Cet incident intervient quelques jours après le retrait supposé de toutes les armes lourdes de la zone tampon, en vertu de l'accord conclu le 17 septembre entre Ankara, soutien des rebelles, et Moscou, allié de Damas, pour éviter un assaut dévastateur du régime contre Idleb.
"Il s'agit de la première violation claire de l'accord depuis le retrait des armes lourdes. Cette zone est censée être débarrassée (...) des obus de mortier", a affirmé dimanche à l'AFP le directeur de l'Observatoire syrien des droits de l'Homme (OSDH), Rami Abdel Rahmane.
Le 10 octobre, il avait déclaré qu'"aucune arme lourde (de rebelles ou de jihadistes) n'(était) désormais visible dans la zone tampon, prévue aux limites de la province d'Idleb et dans des secteurs voisins des provinces d'Alep, Hama et Lattaquié.
La Turquie et les insurgés avaient confirmé l'information.
Mais, samedi soir, plusieurs "obus ont été lancés sur une position militaire à Jourine, dans le nord de (la province voisine) de Hama, tuant deux soldats", a indiqué M. Abdel Rahmane.

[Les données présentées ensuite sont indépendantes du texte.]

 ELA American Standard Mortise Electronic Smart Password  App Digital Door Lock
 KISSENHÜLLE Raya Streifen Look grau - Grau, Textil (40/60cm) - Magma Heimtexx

Des tirs similaires ont visé la province d'Alep depuis d'autres secteurs de la zone tampon, a-t-il ajouté, sans être néanmoins en mesure de préciser si les tirs avaient été effectués par des groupes rebelles ou jihadistes.
"Bombardements" du régime
L'organisation Hayat Tahrir al-Cham (HTS) --dominée par l'ex-branche syrienne d'Al-Qaïda--, ainsi que d'autres groupes jihadistes, contrôlent plus des deux tiers de la future zone tampon et 60% de la province d'Idleb.
La partie restante de la province est aux mains du Front national de libération (FNL), une coalition de rebelles pro-Ankara.
Selon le correspondant de l'AFP, les tirs d'obus de samedi soir étaient les premiers depuis mercredi.
Et le quotidien syrien prorégime Al-Watan a aussi fait état de bombardements, indiquant dimanche que des zones de l'ouest de la province d'Alep avaient été touchées par "des obus de mortier et des tirs d'artillerie lourde censés être retirés de la zone".
Selon M. Abdel Rahmane, le régime a aussi bombardé par intermittence ces derniers jours la zone tampon, mais l'accord russo-turc ne mentionne pas le retrait des armes lourdes des forces gouvernementales, stationnées dans certains secteurs de provinces voisines.
De nouveaux bombardements du régime ont d'ailleurs été enregistrés dimanche soir sur un secteur situé "dans l'ouest de la zone tampon", rattaché à la province de Hama, a ajouté le directeur de l'ONG.
"Ultime test"
L'accord de Sotchi semble d'autant plus fragilisé qu'il prévoit le départ d'ici lundi de tous les jihadistes de la zone tampon. Or, "nous n'avons observé aucun retrait des combattants jihadistes des secteurs censés faire partie de la zone tampon", a souligné dimanche l'OSDH, qui dispose d'un vaste réseau de sources dans le pays en guerre.
Un correspondant de l'AFP à Idleb a également indiqué qu'aucun des groupes extrémistes n'avait procédé à un mouvement de ses troupes ces derniers jours.
Selon des experts, cette deuxième échéance de l'accord est la plus difficile à tenir.
Dans un récent rapport du centre de réflexion Omran basé en Turquie, le spécialiste de la Syrie, Nawar Oliver, qualifie le choix de HTS de se conformer à l'accord comme l'ultime "test".
Selon lui, si HTS fait capoter l'accord, deux scénarios sont à envisager: "soit la Turquie et le FNL lancent une offensive militaire contre HTS, soit la Russie saisit l'occasion avec le soutien du régime et ses alliés pour entrer à Idleb".
Le président Bachar al-Assad, qui a maintes fois fait part de sa volonté de reconquérir l'ensemble de la Syrie, a qualifié de "temporaire" l'accord russo-turc et assuré qu'Idleb et les régions voisines reviendraient à terme au régime.
Vendredi, des habitants de la future zone tampon ont reçu des SMS de l'armée syrienne sur leurs téléphones portables, selon un correspondant de l'AFP.
"Éloignez-vous des combattants. Leur sort est scellé", affirme l'un de ces messages.
L'accord Ankara-Moscou n'est que le dernier en date d'une série d'accords de trêve conclus au cours des sept années de guerre en Syrie, qui ont fait plus de 360 000 morts et des millions de déplacés.